(Captioned web image data)

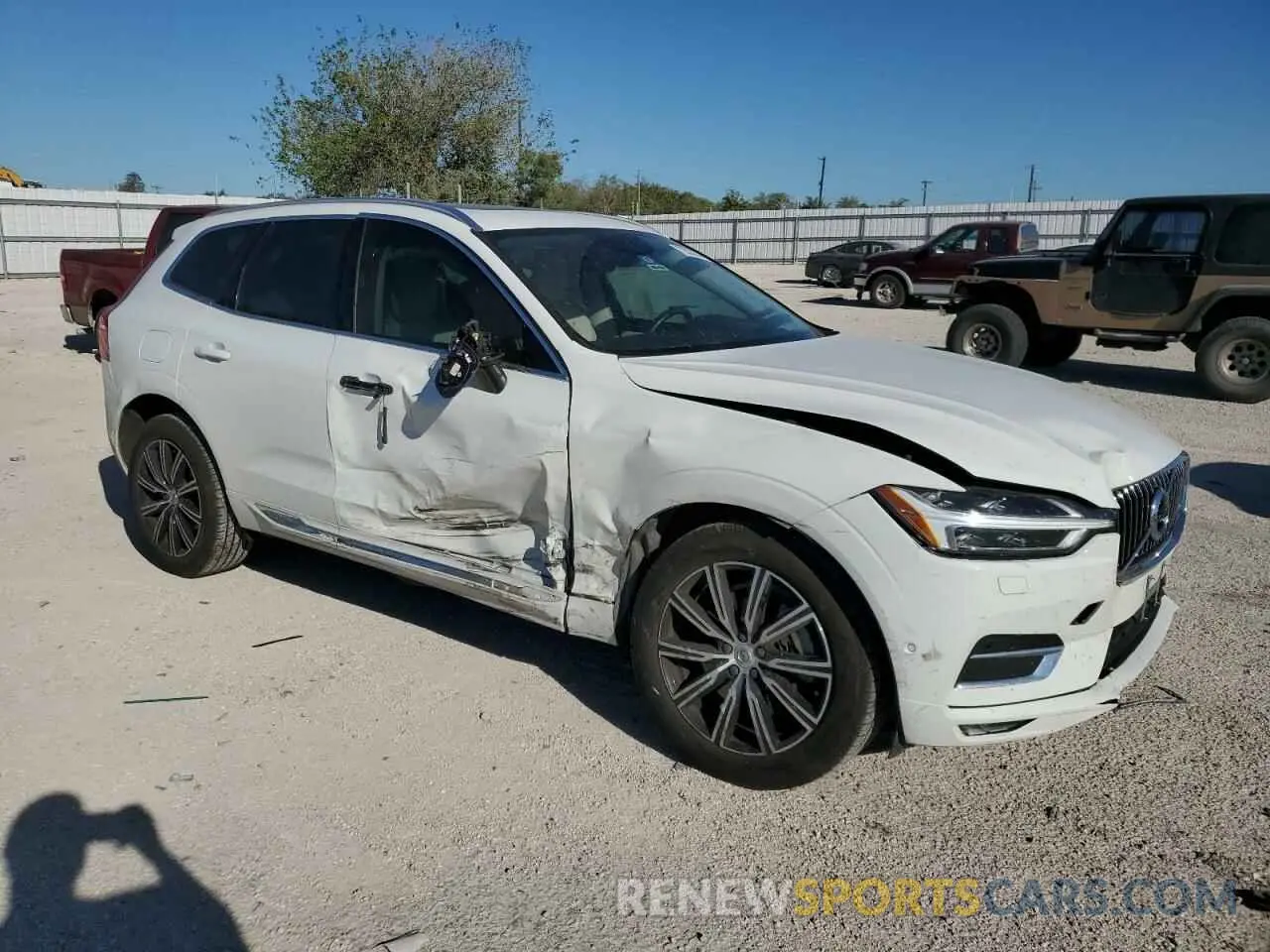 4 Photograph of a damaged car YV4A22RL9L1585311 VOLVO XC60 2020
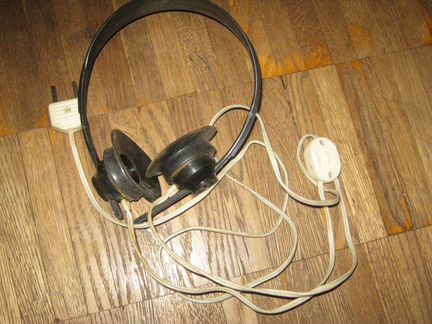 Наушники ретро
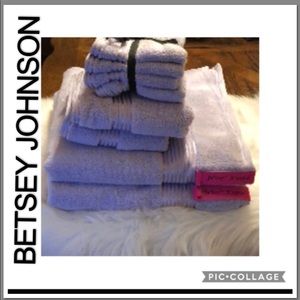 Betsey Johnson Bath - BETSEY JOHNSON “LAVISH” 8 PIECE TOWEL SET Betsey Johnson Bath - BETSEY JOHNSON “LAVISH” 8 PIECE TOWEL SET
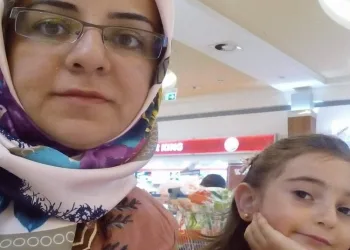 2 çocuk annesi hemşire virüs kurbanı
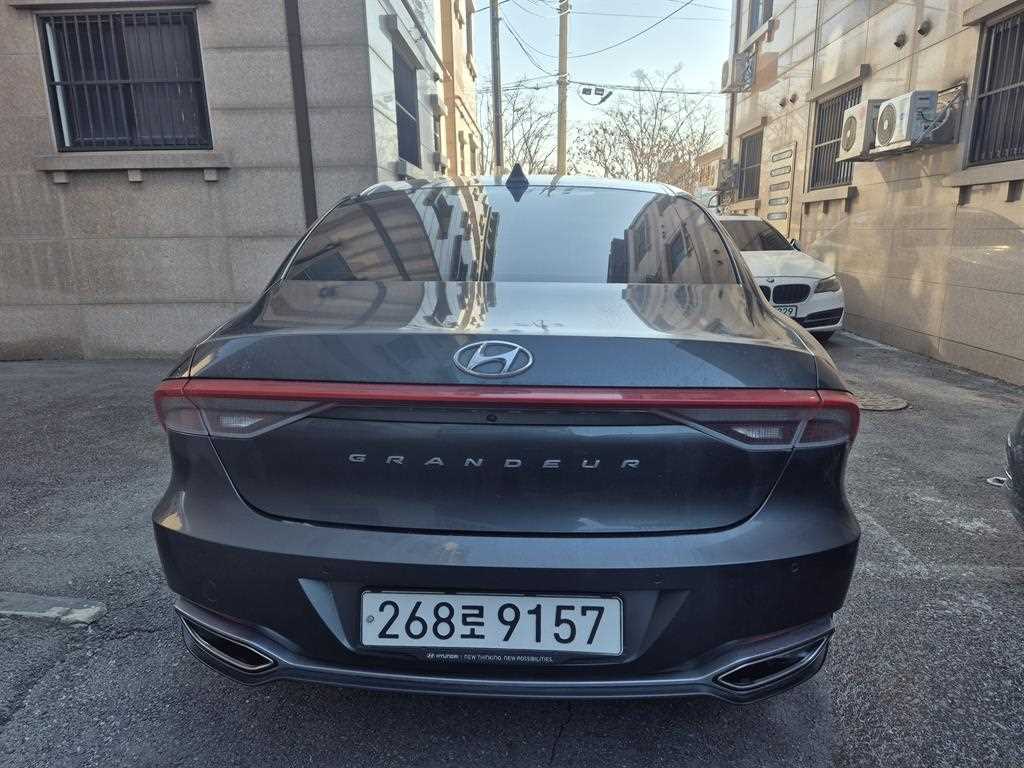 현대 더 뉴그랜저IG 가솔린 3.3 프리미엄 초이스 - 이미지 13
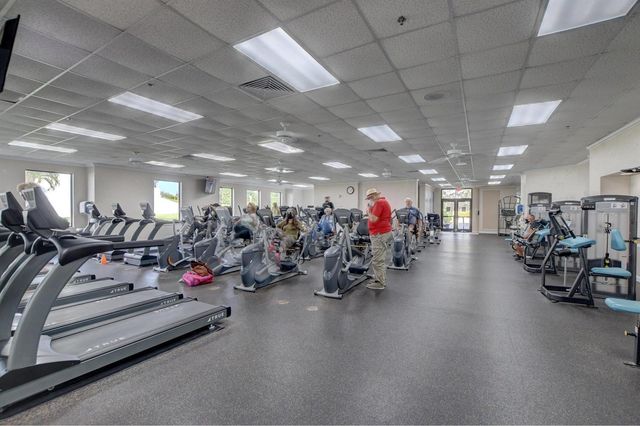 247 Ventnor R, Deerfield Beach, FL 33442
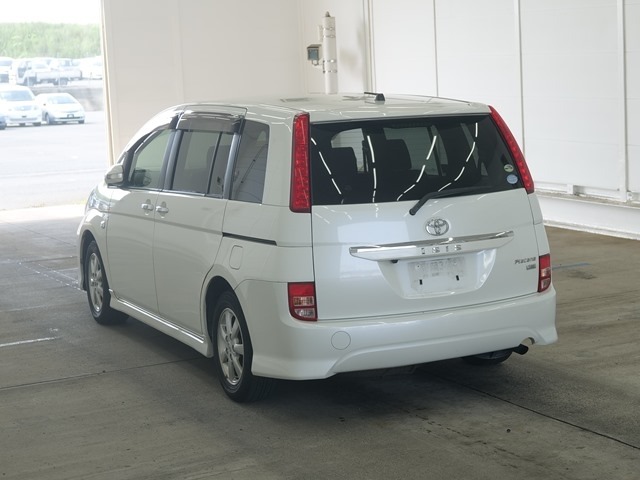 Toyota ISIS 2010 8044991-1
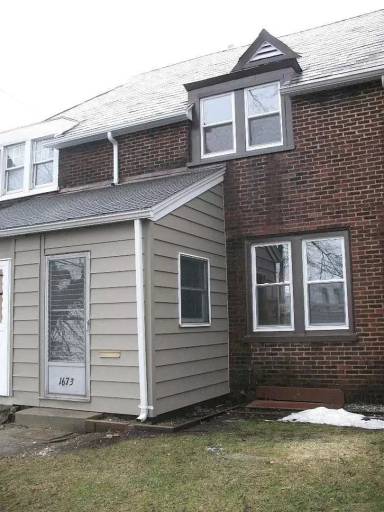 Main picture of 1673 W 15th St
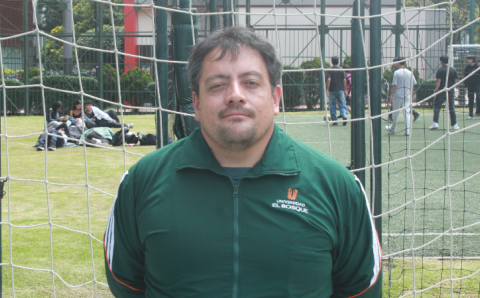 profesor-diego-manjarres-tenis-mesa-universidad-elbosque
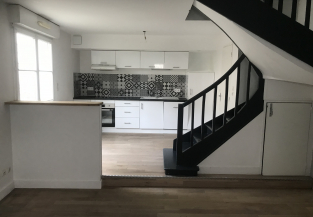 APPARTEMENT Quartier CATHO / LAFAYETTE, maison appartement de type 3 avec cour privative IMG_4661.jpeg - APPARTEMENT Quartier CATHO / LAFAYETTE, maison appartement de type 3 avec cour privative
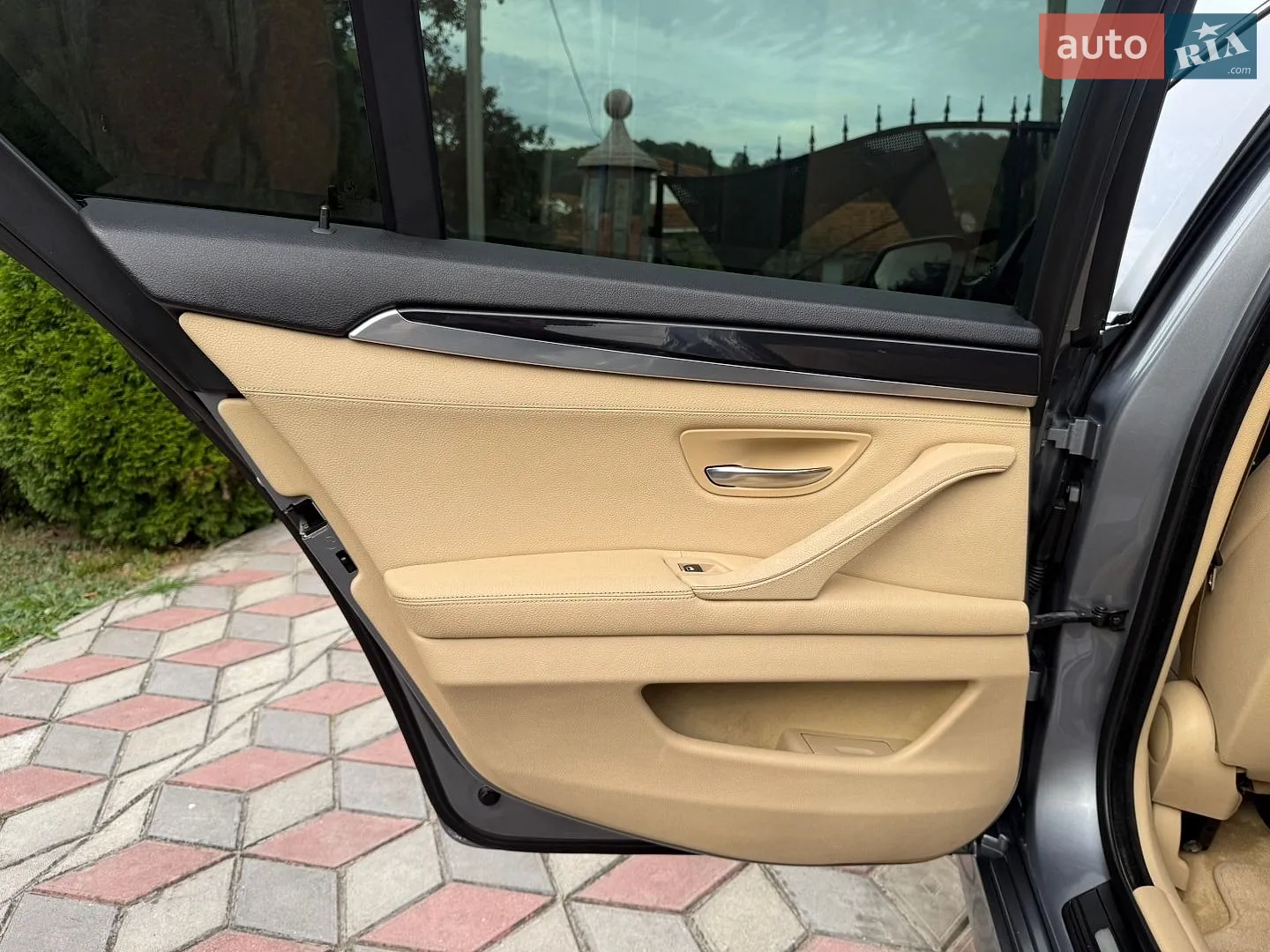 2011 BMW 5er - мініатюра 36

■ **TASK REQUIREMENTS**
Word for word, repeat only the lines from the line containing "2 çocuk annesi hemşire virüs kurbanı" through the end of the data, without any pictures.

■ **RESPONSE**
 2 çocuk annesi hemşire virüs kurbanı
 현대 더 뉴그랜저IG 가솔린 3.3 프리미엄 초이스 - 이미지 13
 247 Ventnor R, Deerfield Beach, FL 33442
 Toyota ISIS 2010 8044991-1
 Main picture of 1673 W 15th St
 profesor-diego-manjarres-tenis-mesa-universidad-elbosque
 APPARTEMENT Quartier CATHO / LAFAYETTE, maison appartement de type 3 avec cour privative IMG_4661.jpeg - APPARTEMENT Quartier CATHO / LAFAYETTE, maison appartement de type 3 avec cour privative
 2011 BMW 5er - мініатюра 36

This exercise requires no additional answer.